Despite Taylor’s empathy for her androgynous narrator, she can’t quite resist the temptation to do what so many other writers of literary fiction do, and wastes entire chapters on young Alex masturbating. It would seem that even in 2017, we haven’t quite overcome the conviction that every literary bildungsroman needs pointless autoerotic marathons to qualify for the genre—when really, in a decade where you can find big-budget smut on HBO, that’s not enough to keep a reader reading, or to garner sympathy. Alex’s restless wanderlust is compelling at the start, but quickly knuckles under to the normal, stultifying lust which plagues most adolescents. It may be believable, but it is also (unfortunately) boring.

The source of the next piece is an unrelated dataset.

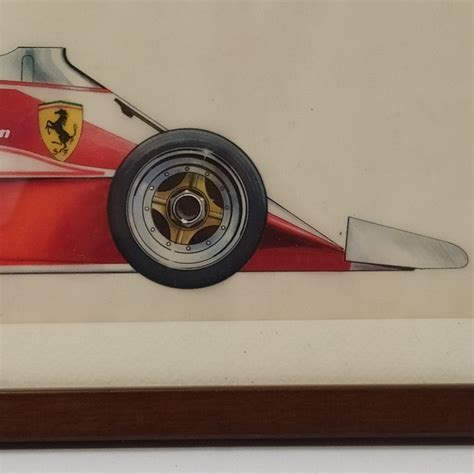 Disegno Tecnico Colorato A Tempera Ferrari Formula Modello T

The Lauras is promising, but after about a hundred pages, one can’t help wondering whether Taylor is making promises she can’t keep. Her characterization is keen and insightful and her prose elegant, but she can’t avoid the most common pitfalls of the genre. The plot rambles, the characters become tedious, and the prose that was so scintillating at the beginning starts to feel like Taylor just likes to hear herself talk.
There are bursts of baffling action—in one episode Ma accosts a man at gunpoint; in another she resorts to arson—but there’s too much mystery. Even the titular Lauras remain shadowy figures through the end; they defy categorization as a group (one belongs to an isolated and misogynistic religious cult, another is a cancer-stricken lesbian), but Taylor persistently dangles the details out of reach. Like Alex’s endless self-stimulation, it’s as frustrating as it is tantalizing. After 200 pages, I still didn’t know where the story was going or who “the Lauras” really were, and by that point I no longer cared.
“Life so often goes flabby and peters out at the finish point instead of clicking satisfyingly, like the sound of a box being shut,” Alex observes. “That’s why we read, and watch, and listen, because we want that click and life never hands it over.” Ironically, if this is the book you’re reading, there is no click. That may be intentional, but even if it is, the final feeling is still dissatisfaction.
It is a testament to Taylor that one finishes The Lauras wishing there had been more of what mattered. Ma is the kind of character you might fall in love with, if she didn’t keep you at a distance. Alex is the kind of character with whom you might identify, if their identity went deeper than their wandering hands. It’s a story with tremendous potential but, like a long road trip with no destination, sooner or later you have to admit you won’t get far running on fumes.